There is something else you can do, but it's rather radical. Overwrite the
entries directly in the directory table. You would have to write a program
to do it, but it should solve the problem.
----------------
Warren Melnick
Director of Research and Development
Astata Corporation
-----Original Message-----
From: Wade Hampton [mailto:[EMAIL PROTECTED]]
Sent: Friday, March 02, 2001 12:28 PM
To: Redhat List redhat
Subject: RE: files I can't delete on ext2
Thanks. I figured there was at least SOMETHING to
try short of rebuilding the filesystem. I'll try
it tonight or this weekend (system is at home).

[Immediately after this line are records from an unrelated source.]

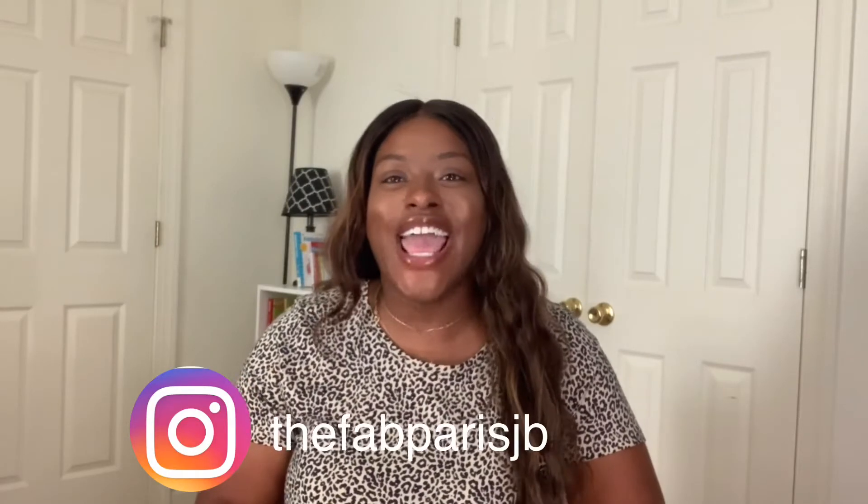Hi everyone, welcome back to my channel and welcome back to another video. Today I'm going to be sharing my new Kate Spade purse that's going to be my fall purse for the season. I absolutely love the detail and the color of this purse — I cannot wait to show you guys.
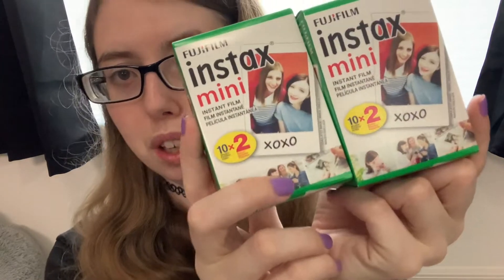I can't wait to take tons of photos with this — I've been wanting one of these like forever. The bundle I bought came with two packs of 20 sheets, so 40 sheets total of film that I could put inside of it. You could also purchase more online. I bought mine through Amazon.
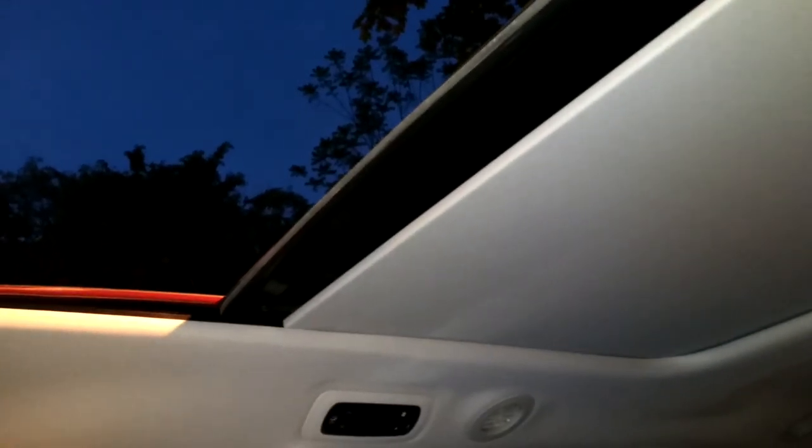You can hit that button there. It's so cool — let me hit it one more time. Hitting the other button closes it, so in this mode it's just a half sunroof.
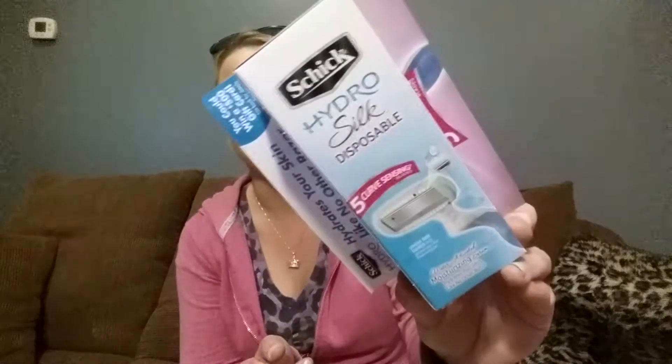The next thing I got is a Hydro Silk disposable chic razor — water-activated moisturizing serum that hydrates your skin like no other razor. It looks like it has five curved sensing blades, which is awesome. And there's also a chance to win a five-hundred dollar gift card. This is completely sealed — let's see what this bad boy looks like. It's actually really nice. It also came with eight dollars of savings inside: four dollars off any one Hydro Silk disposable and four dollars off as well.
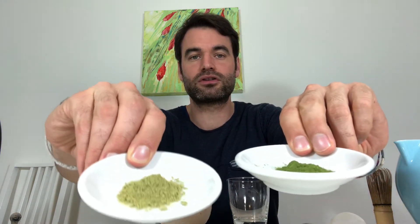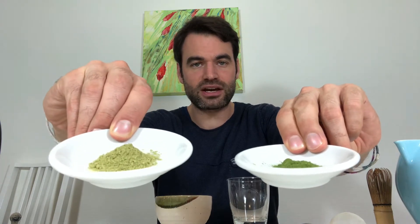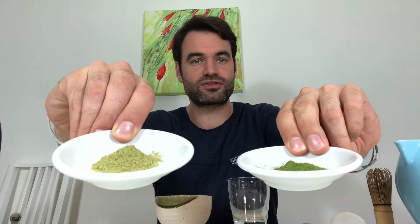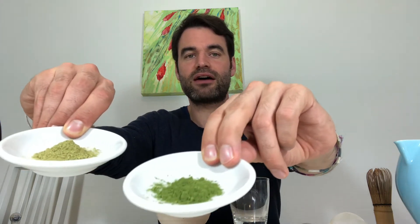Color-wise, how does this look? Looking at these two matcha samples here: we have a typical culinary grade, lower grade matcha — it's not bad in terms of being undrinkable, it's just a lower quality matcha, and you can really see it. Here I have the ceremonial matcha Yashimine in this tin, and the other one is a culinary matcha which is typically used for lattes.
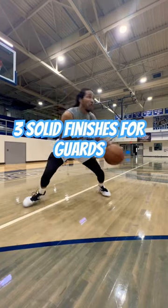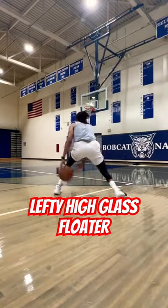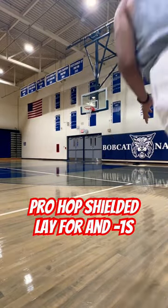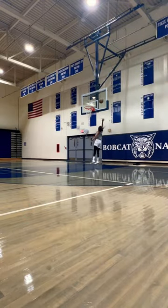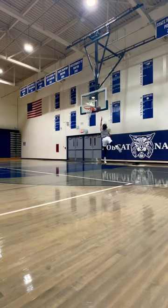Here are three solid finishes you can use after you break down your defender. Left hand high glass floater — get it off the high glass so the defender cannot block it. Pro hop into a shielded layup. Pro hop into the left hand scoop — get it under the defender's arm.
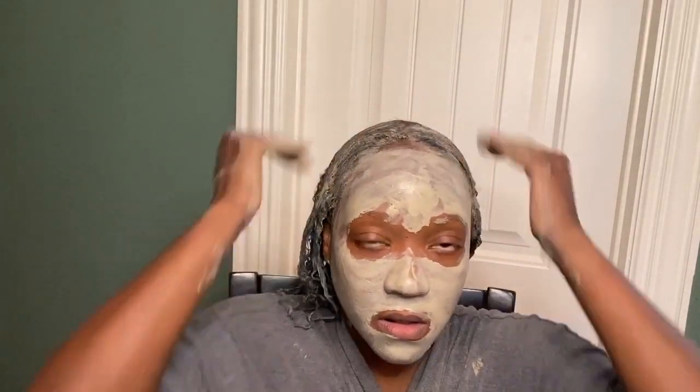Once I have it all applied, I'm just going to ask Alexa to set a timer for 10 minutes, and then I'm going to apply the rest of the clay mask to my face for a nice facial.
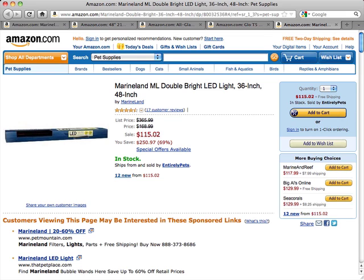The convenient side-mounted 3 mode on-off switch allows you a variety of lighting options including daytime, lunar, and off positions.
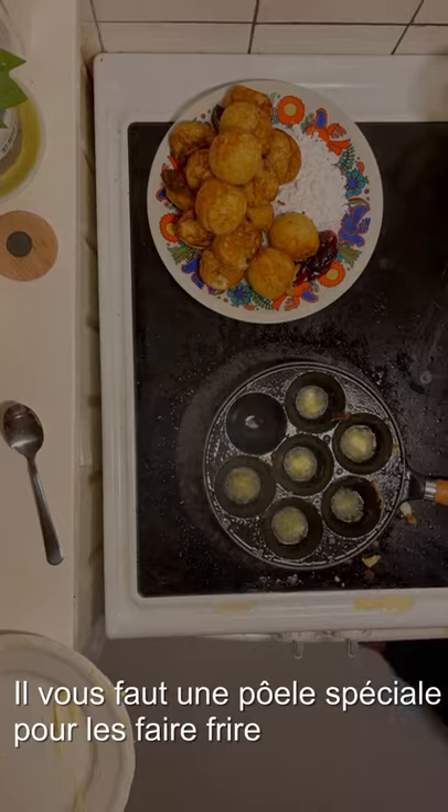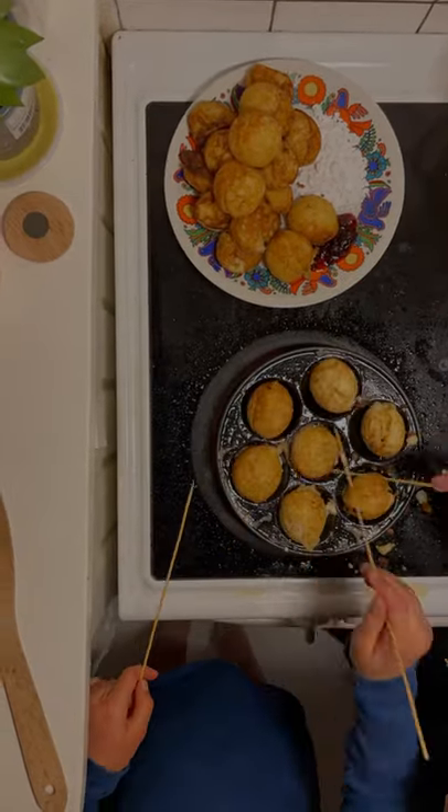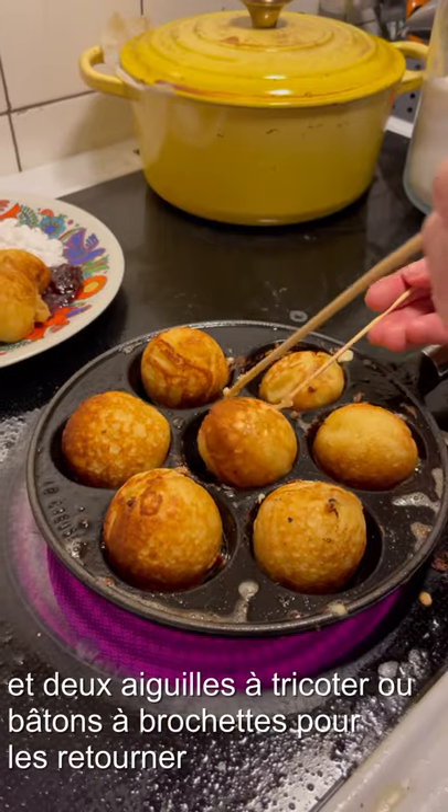You need a special egg blisky pan to make them. You need two little needles or skewers to flip them around. And you usually eat them with jam, icing, and sugar.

BTW, I had one other idea. Boot in recovery mode,
mv /mnt/dev /mnt/dev_old
mkdir /dev
<fix permissions>
<create bare minimum number of devices for boot>
<or copy from /dev_old>
reboot
Then I'll just have 2 messed up files that I can't
delete, but at least a working system.
Of course, I may be best off back up my /, /root,
and /boot directories and reloading RH 7.0 (i.e.,
the Microsoft solution).
> Did you try doing a full fsck on boot? It should catch a screwup
> of that magnitude.
>
> shutdown -F now
the -F will force an fsck on reboot.
--
W. Wade, Hampton <[EMAIL PROTECTED]>
If Microsoft Built Cars: Every time they repainted the
lines on the road, you'd have to buy a new car.
Occasionally your car would just die for no reason, and
you'd have to restart it, but you'd just accept this.